Ser eternamente um cantor fracassado parece ser
a sina de Jack Malik (vivido em toda glória de seu constrangimento proletário
por Himesh Patel que canta e toda violão de verdade).
Os indícios desanimadores de que o sucesso
nunca virá estão por toda parte –no subemprego que o aprisiona na mediocridade;
na euforia inexistente de qualquer público em suas parcas e paupérrimas
apresentações –somente Jack e sua entusiasmada (e pra lá de encantadora)
empresária Ellie (a linda Lily James) não enxergam isso.

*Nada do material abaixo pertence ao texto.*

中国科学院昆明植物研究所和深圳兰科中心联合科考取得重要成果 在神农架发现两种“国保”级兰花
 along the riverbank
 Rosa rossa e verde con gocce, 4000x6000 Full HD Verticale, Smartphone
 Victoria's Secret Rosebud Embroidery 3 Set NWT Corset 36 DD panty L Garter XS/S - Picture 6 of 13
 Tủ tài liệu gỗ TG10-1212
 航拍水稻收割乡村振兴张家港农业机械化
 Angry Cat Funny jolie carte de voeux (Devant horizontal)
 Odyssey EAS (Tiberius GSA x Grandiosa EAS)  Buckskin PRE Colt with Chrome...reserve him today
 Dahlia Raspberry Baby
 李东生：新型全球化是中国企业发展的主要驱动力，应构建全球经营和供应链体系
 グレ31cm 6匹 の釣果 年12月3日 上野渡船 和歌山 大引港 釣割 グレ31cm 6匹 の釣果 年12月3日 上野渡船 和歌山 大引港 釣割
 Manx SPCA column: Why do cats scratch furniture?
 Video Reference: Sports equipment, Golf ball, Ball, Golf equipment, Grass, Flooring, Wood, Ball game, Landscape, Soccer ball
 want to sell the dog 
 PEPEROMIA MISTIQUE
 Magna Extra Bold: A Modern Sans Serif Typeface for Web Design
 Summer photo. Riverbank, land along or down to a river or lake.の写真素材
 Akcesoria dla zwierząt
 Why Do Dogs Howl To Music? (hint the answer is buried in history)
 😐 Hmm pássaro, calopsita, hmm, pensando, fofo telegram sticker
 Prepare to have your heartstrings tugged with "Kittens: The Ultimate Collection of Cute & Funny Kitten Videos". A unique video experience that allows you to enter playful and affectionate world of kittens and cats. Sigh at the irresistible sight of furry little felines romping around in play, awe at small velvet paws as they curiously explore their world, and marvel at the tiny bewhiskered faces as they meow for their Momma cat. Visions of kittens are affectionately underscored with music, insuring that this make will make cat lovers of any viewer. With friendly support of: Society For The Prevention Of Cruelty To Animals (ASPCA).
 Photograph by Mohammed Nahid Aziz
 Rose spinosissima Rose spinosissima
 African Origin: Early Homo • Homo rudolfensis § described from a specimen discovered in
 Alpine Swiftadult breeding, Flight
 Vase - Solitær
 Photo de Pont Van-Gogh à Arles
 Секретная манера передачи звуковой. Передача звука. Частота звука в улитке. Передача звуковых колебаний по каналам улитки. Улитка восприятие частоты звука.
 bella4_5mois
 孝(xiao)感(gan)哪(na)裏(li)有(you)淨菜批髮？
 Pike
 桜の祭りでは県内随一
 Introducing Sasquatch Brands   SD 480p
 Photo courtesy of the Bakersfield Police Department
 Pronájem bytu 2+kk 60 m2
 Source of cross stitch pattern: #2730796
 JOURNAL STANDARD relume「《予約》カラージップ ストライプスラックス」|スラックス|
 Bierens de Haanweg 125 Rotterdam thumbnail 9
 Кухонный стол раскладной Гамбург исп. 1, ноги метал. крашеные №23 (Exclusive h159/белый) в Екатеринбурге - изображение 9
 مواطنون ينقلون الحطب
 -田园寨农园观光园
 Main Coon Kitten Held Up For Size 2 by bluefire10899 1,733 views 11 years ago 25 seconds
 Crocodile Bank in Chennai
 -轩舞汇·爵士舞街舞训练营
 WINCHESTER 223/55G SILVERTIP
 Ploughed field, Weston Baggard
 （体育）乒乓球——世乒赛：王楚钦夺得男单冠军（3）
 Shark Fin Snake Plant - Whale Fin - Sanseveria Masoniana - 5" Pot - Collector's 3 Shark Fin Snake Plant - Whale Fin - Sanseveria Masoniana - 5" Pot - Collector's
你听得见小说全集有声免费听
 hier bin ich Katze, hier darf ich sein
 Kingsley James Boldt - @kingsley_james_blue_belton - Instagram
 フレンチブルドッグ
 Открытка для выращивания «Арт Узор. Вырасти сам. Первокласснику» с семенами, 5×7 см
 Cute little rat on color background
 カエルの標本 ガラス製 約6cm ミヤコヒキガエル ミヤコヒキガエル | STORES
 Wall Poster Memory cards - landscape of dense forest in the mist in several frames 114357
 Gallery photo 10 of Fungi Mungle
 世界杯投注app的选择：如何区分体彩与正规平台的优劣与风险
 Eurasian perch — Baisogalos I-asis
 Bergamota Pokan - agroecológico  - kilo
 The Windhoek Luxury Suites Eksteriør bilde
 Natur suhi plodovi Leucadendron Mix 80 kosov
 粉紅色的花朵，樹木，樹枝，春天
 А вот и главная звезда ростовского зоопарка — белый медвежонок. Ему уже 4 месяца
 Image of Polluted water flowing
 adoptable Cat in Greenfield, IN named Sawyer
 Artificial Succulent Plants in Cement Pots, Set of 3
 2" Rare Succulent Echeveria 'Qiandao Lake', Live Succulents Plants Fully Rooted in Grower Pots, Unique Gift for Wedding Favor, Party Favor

Ou melhor: Jack, nos desiludidos percalços
mostrados no início do filme, já começa a enxergar, sim. Todavia, quando ele dá
uma espécie de basta e abre mão, por fim, do sonho de fazer sucesso como cantor
é que o filme dirigido por Danny Boyle e escrito por Richard Curtis dá sua
fundamental guinada: Um evento absolutamente sem explicação acontece –o mundo
todo fica sem eletricidade por breves doze segundos! –e então, Jack sofre um
acidente (é atropelado por um ônibus).
Nada de muito anormal ocorre nos dias que se
seguem. Ele se recupera e volta ao convívio com a família e os amigos. Mas, ele
não deixa de notar um detalhe: Que ser humano nenhum, exceto ele, lembra-se
mais da existência do grupo musical, os Beatles, e de suas músicas icônicas e
consagradas.
Para Jack a equação é simples de ser feita: Ele
vive um mundo que desconhece completamente o repertório de canções
inesquecíveis entregues por John Lennon, Paul McCartney, George Harrison e
Ringo Star, e, na lembrança viva que guarda delas, apresentará essas
composições ao mundo, como se fossem suas.
De início, os mesmos infortúnios de antes se
repetem, contudo, aos poucos, um jovem dono de gravadora se interessa em
produzir um CD aqui; um músico famoso (Ed Sheeran, numa participação especial)
interessa-se que ele abra seu show ali; e... eis que, quando menos percebe,
Jack já tem uma grande agente de Los Angeles na sua cola (Kate McKinnon,
impagável) e a promessa de dinheiro e sucesso.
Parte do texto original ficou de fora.